Loading data into a SQL database

It seems like a common task for this data will be to join data together, whether it's joining multiple ACS tables, or joining ACS table data to boundaries. While it's possible to do this in R or GeoPandas, a SQL database seems like a natural fit for these kinds of operations.

Some of the most common data tables that are downloaded and processed using make rules that use censusdatadownloader or censusmapdownloader can be loaded into a SQL database using a command like:

make data/processed/db_tables/counties_2020

See the makefile etl/sql.mk for supported data.

I've implemented an experimental feature that includes make rules for loading commonly used data into a Spatialite database. I chose Spatialite because it's supported by QGIS, the sf R package and geopandas (tl;dr read_postgis() can read from any SQLAlchemy-supported database, not just POSTGIS). More importantly, since SQLite/Spatialite store the entire database in a single file, it's possible for someone with more technical skills to create a database pre-populated with this data and then someone who knows SQL can download a copy and use it. Also, I've found that installing and running SQLite/Spatialite is easier than running PostgreSQL/PostGIS.

However, PostGIS remains the most widely-supported and robust spatial database program so it might make sense to eventually add support for PostGIS, or if we run into limitations with Spatialite, switch entirely to PostGIS.
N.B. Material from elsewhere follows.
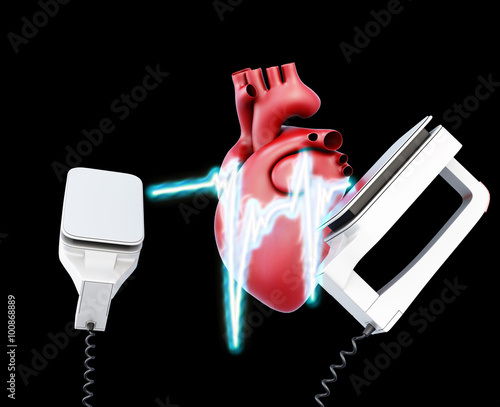 Defibrillator and heart on a black background. 3d illustration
I also made a command, createsqliteloadcmd that is part of this package, that outputs a sample sqlite-utils command that loads an ACS CSV into the database and sets the correct types for the columns based on the naming convention. This is useful for creating new makefiles for loading CSVs into the SQL database.

Data notes

Useful references

Suppression of ACS tables for smaller geographies

Some tables, such as B16001 aren't available for smaller geographies such as ZCTAs or tracts. However, some tables' data at those geographies may have been available in the past. For example, table B16001 is available at the tract level in the 2015 5-year estimates. h/t Ryan Pitts for this information.

Joe Germuska also told me, "more generally, Census specifically disclaims certain geography classes (summary levels) for certain tables, but only documents it in Excel files." You can find an example of these Excel files in the technical documentation for the 2019 ACS products.